Boulder-burial, An Bhinn Bhán, Co. Kerry
Co. Kerry |
Burial Sites
On the western shore of Lough Currane in south Kerry, a flat-topped slab rests on three low stones in a quietly unremarkable patch of sloping pasture.
It is easy to walk past without pausing. But this small arrangement is a boulder-burial, a Bronze Age funerary monument in which a large capstone, here measuring roughly 1.8 metres by 1.5 metres and about 30 centimetres thick, is propped above the ground on supports to create a shallow covered space. The form is distinct from the more familiar portal tomb or dolmen, being lower and more compressed, almost flush with the earth.
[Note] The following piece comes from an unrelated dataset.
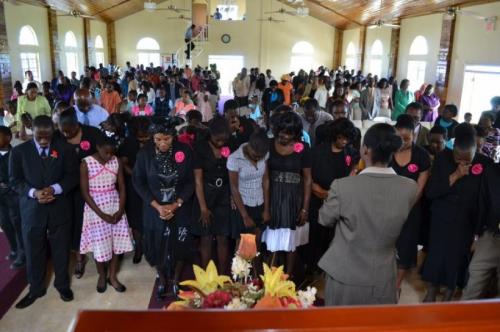 Самосожжения, убийства, жертвоприношения: самые жуткие секты мира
The interior has filled with field debris over the centuries, and larger clearance stones have been piled against it on the east and west sides by farmers working the surrounding land.
In 1988, excavation beneath the cover-stone turned up a single piece of burnt bone, a reminder that however modest this structure looks, it once served as a place of deliberate burial. About 13 metres to the north-east stands a stout standing stone, or gallaun as it is marked on Ordnance Survey maps, the Irish word simply meaning a single upright stone. It rises 2.4 metres and carries an unusual sharp inward angle on its north-east face at a height of around 1.45 metres, a feature noted by the archaeologist Seán Ó Nualláin in 1978. Packing stones at the base confirm it was set deliberately and with some care. A second standing stone lies roughly 167 metres to the south-south-west, suggesting this stretch of lakeshore once formed a more organised ceremonial or funerary landscape. The scholar Henry, writing in 1957, also recorded two small structures she called dolmens to the west of the standing stone, along with hut ruins and field boundaries. None of those features are now visible above ground.